There are parallels with practical cycling here. The bicycle-as-transportation is also considered antiquated, old-fashioned, and outmoded by newer technology, namely the automobile. In the rush to embrace the future of transportation, we built ourselves into a remote, suburban corner and cemented (or should I say asphalted) our dependence on a single solution. Many recognize this as the mistake it was. But even if we all did, the legacy effects will continue.

A similar rush toward the future is happening in the way we produce and consume media. The death of the newspaper is nigh, and for news, I say this death can’t come soon enough. But the question remains, what does the newspaper still do well?

In an attempt to answer this question in practice, the Practical Pedal will be going through a number of changes. We have a lot of ideas, many of which will be complete duds, but we hope some of them will turn out to be answers. What we won’t do is make the same mistake transportation designers made so many years ago. We won’t simply assume that the web is the end all, be all of media.

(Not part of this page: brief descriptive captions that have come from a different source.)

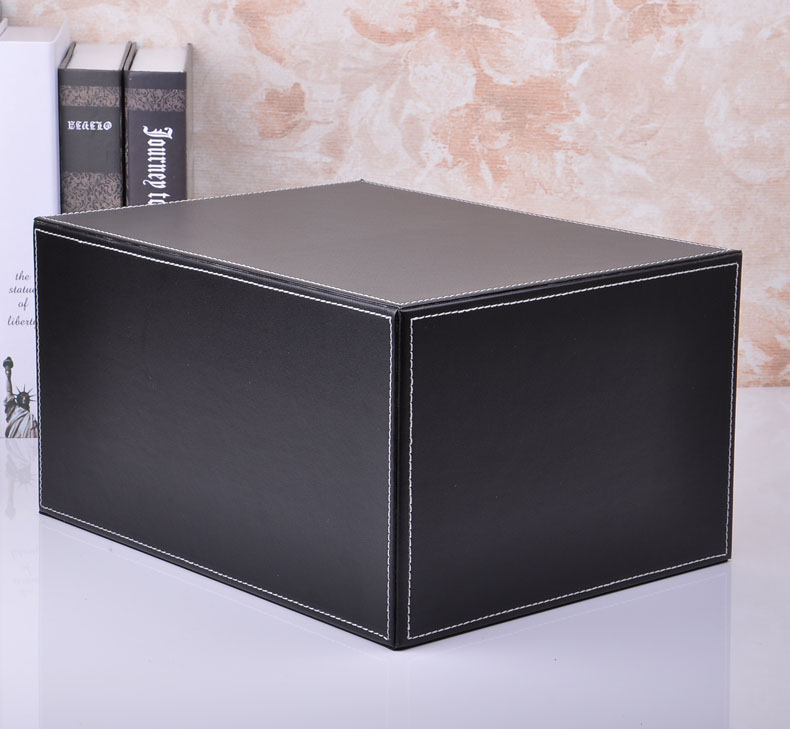 Quality Brown Leather Office Storage Box with Drawers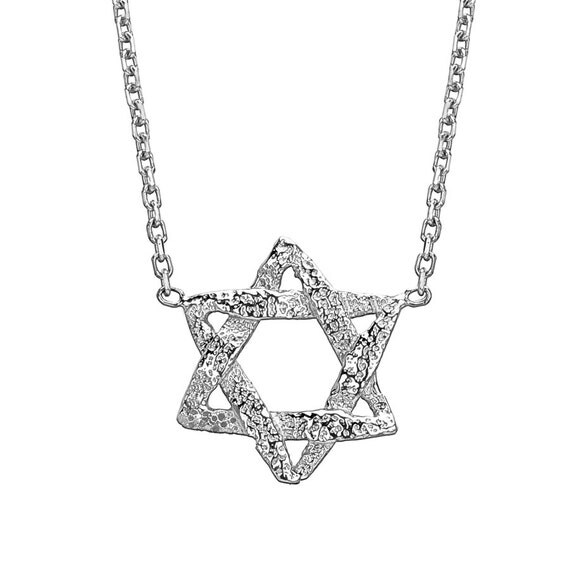 ... David - Magen David - White Gold Star Of David - Jewish Star Necklace
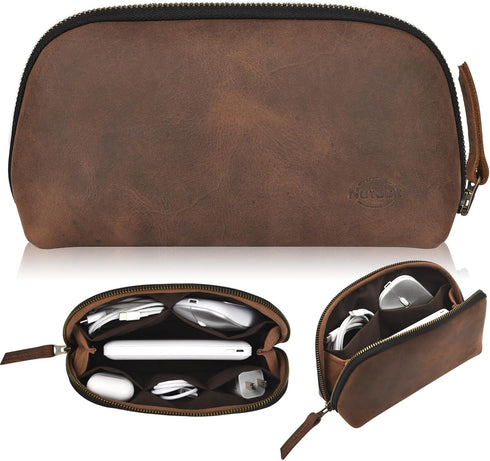 Leather Tech Pouch for Cables Chargers Phone | Tech Bag | Zipper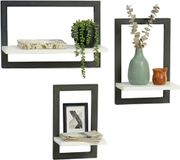 Relaxdays Wandplank zwevend - 3-delige set - 3 groottes - wit-zwart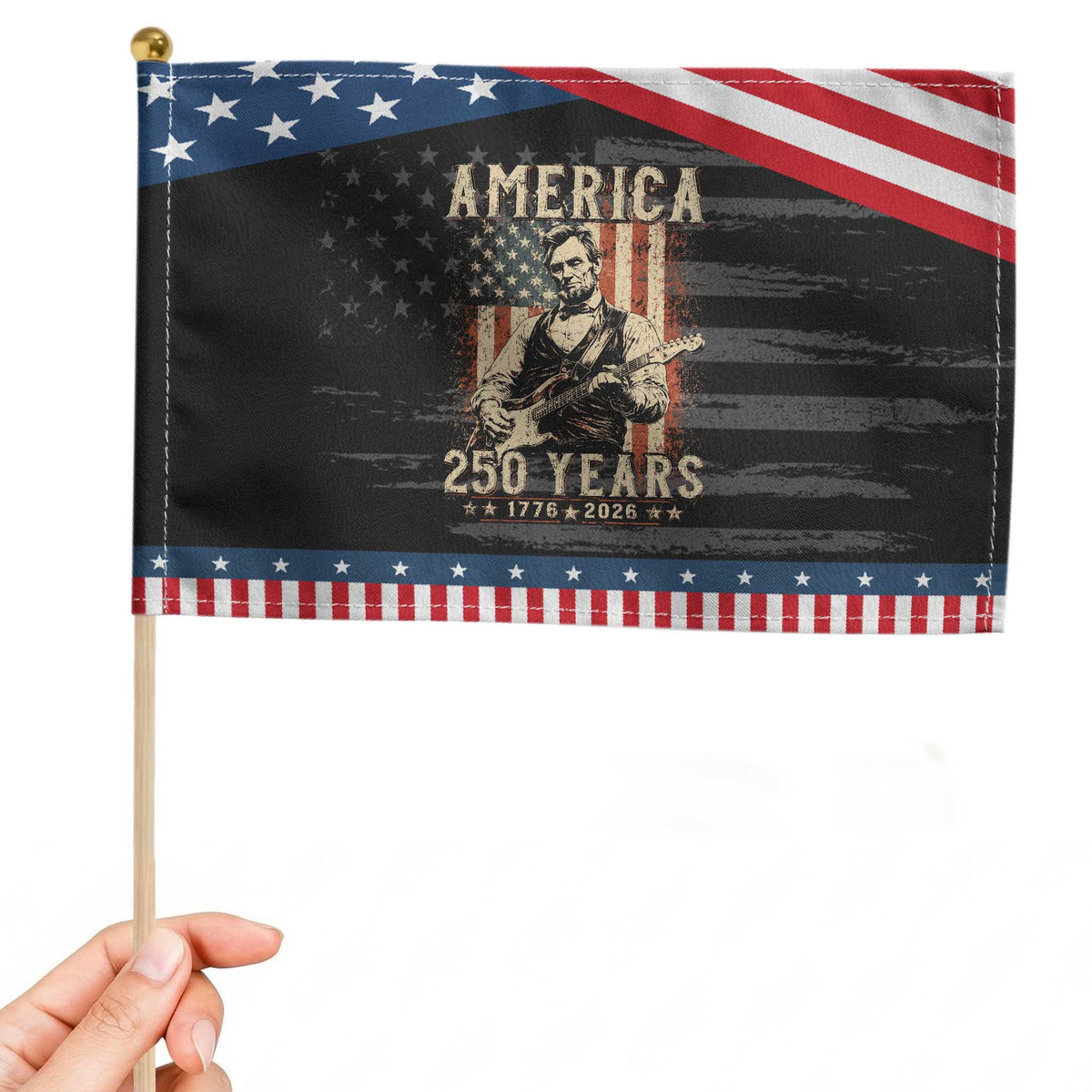 Abraham Lincoln Playing Guitar 4th July US 250th Anniversary Patriotic Handheld Flag TS11 Distressed 8.2" × 5.5" Black Blue Print Your Wear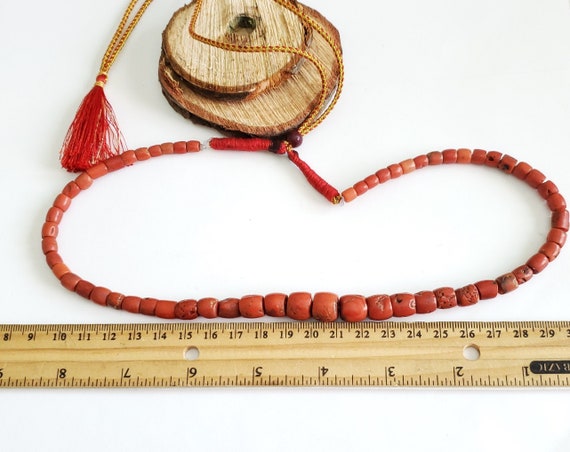 Antique Yemen natural Authentic Red Coral Beads n… - image 9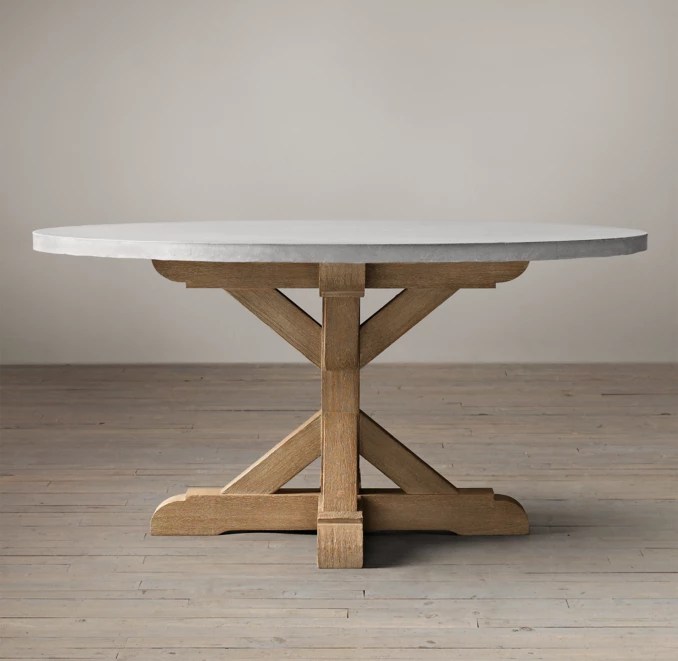 Salvaged Wood & Weathered Concrete XBase Round Dining Table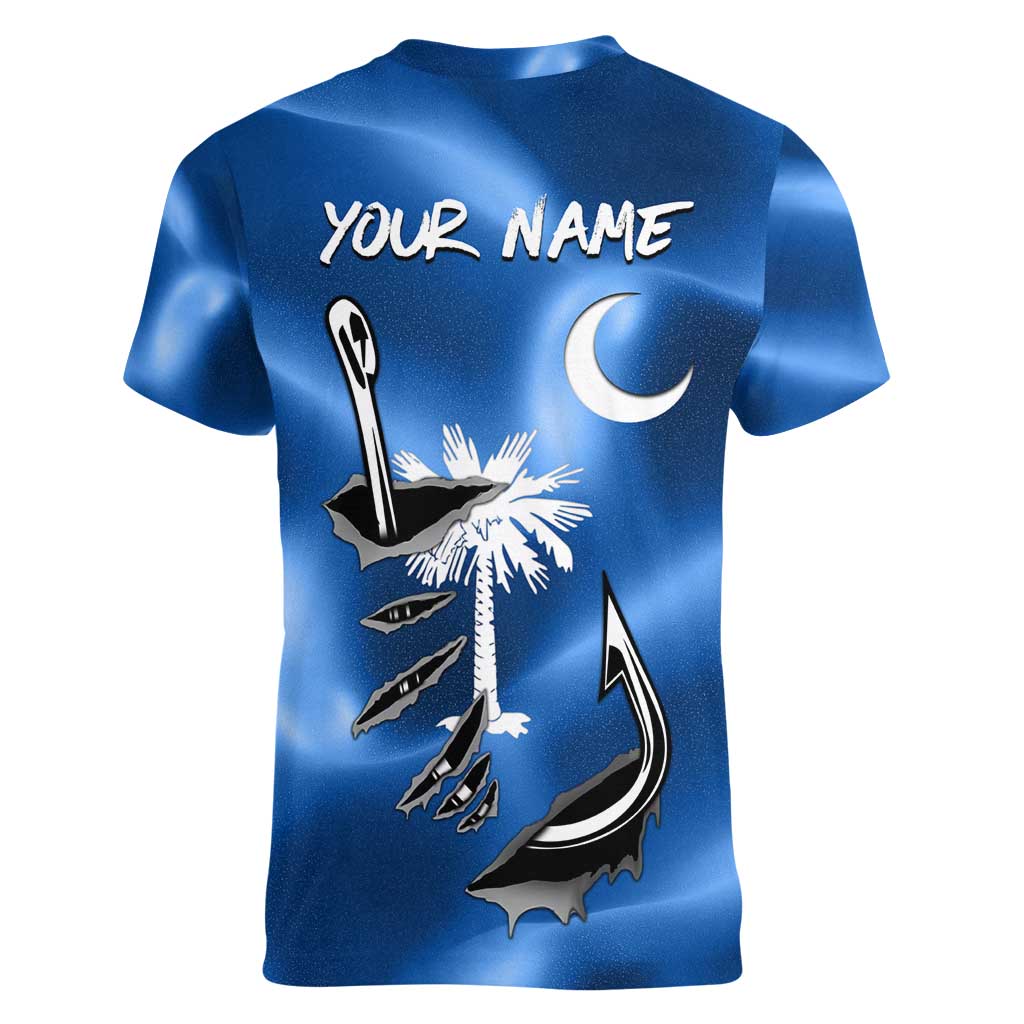 Fishing Custom South Carolina Flag Women V-Neck T-Shirt Fish Hook Graphic in Blue Gradient Design - Wonder Print Shop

We’ll begin this grand adventure by building off an assumption we hold dear, that there is a fundamental difference between news content and analysis content. In the cycling world, news content would be thing like new product listings, bike reviews, event calendars, and race results. This kind of information belongs on the web, in blog posts, twitter conversations, and on forums. Analysis content, however, is different. Analysis is fundamentally dependent on the notion of a culmination of effort. If news is a scattering of rocks across a meadow, analysis is someone coming along and stacking those rocks into a cairn. Such cairns are by no means eternal. They erode with time or with the ever-changing navigational desires of those who built them. But they do represent an organized attempt to make sense of complicated information at a particular point in time. And it is these cairns, made of words and thoughts, that we think a printed delivery method still serves. It’s a platform that restricts content rather than expands it and we think that this restriction can act as a source of much needed focus, even if for a short while.

Focus on what, you might ask. Well, to our mind the purpose of any good magazine (or newspaper) is to help a community answer its difficult questions. It should act as a place for discussion, debate, and, at various points along the way, single-minded (as in one author) attempts at curation of that conversation. This isn’t to say that these cairns-in-the-field will give the correct answers or will be infallible simply because they’ve been printed, just that they will help us focus our thoughts from time to time; that has tremendous value.

In order to steer the Practical Pedal toward this goal, we’re launching what we call the Incubator. Simply put, the Incubator means that the feature stories for each new issue (there are 3 per issue) will begin life in the form of a question. Over the course of the months between issues, we will encourage commentary. But this is more than just another comment section. Each question will be assigned a writer, someone to ask questions of the community and to track down links and research material that everyone gets to read--someone to stack the rocks the community provides. The culmination of this effort is a printed article.

We hope that the Incubator will be one good way to combine the best of the web with the best of print. And even though only a small percentage will likely participate, the quality of the thought will be much improved for it. How rad will that be?